We are all taught to brush our teeth and wash our hands at an early age. Taking proper care of your gums is an equally important lesson.

Periodontal Disease

Gingivitis is the mildest form of periodontal disease. There are several symptoms of gingivitis.

  • Bad breath.
  • Receding, swollen and tender gums. Teeth may appear longer than normal.
  • Bleeding when brushing your teeth.
  • Teeth may begin to wander causing increased spacing between teeth.

Gingivitis is fairly easy to treat when caught early. If left untreated it can progress into more severe forms of periodontal disease.

Periodontitis is the most severe type of gum disease. At this stage, the pockets between the gum and the tooth become infected and inflamed. Untreated, the connective tissue between the teeth and gums begins to break down and the teeth may become loose or need to be removed.

Health and Risk Factors

There appears to be a direct correlation between periodontitis and other health issues. Periodontal disease is commonly found in people diagnosed with dementia, diabetes and some heart conditions.
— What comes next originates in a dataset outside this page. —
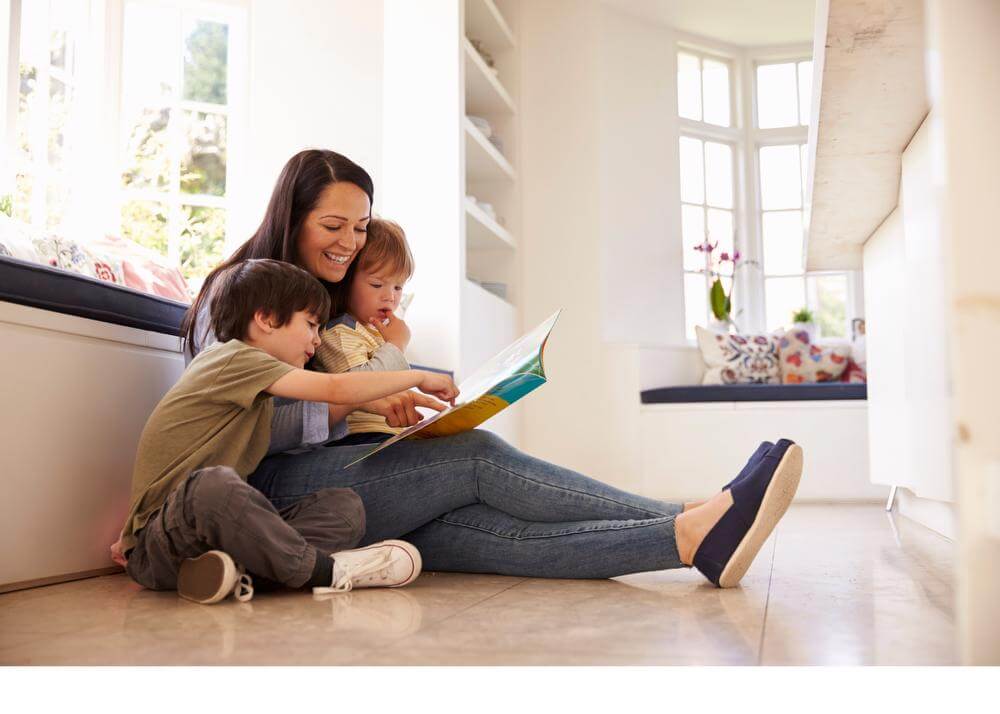 Woman with small child in lap, young boy beside all reading a book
However, it is often difficult to determine if the disorders are caused by the infected gums or if the periodontal disease occurs because the patient is unable to perform proper dental hygiene.

Certain conditions or lifestyle habits may contribute to the risk of developing periodontal disease.

  • Poor oral hygiene habits.
  • Smoking or using chewing tobacco.
  • Chronic alcohol or drug abuse.
  • Hormonal changes related to pregnancy or menopause.
  • Obesity.
  • Diseases such as leukemia or diabetes.


Periodontal disease is easily prevented by practicing good oral hygiene. Brush and floss your teeth daily. Maintain routine dental appointments for cleaning and early detection of periodontal disease. Inform your dentist of any medical conditions or medications you are using that may impact your dental health.


Eliminating existing infection is generally the first mode of attack for treating periodontal diseases. This may be accomplished by antibiotics that are generally delivered by pill or oral rinse.

Once the infection is controlled your dentist may suggest a deep cleaning. This is also referred to as scaling and root planing. Scaling is scraping the accumulated tartar from above and below the gum line. Root planing is a procedure used to smooth the rough textured areas located on the tooth root where germs grow.

Surgery or extraction may be indicated if the disease is severely progressed.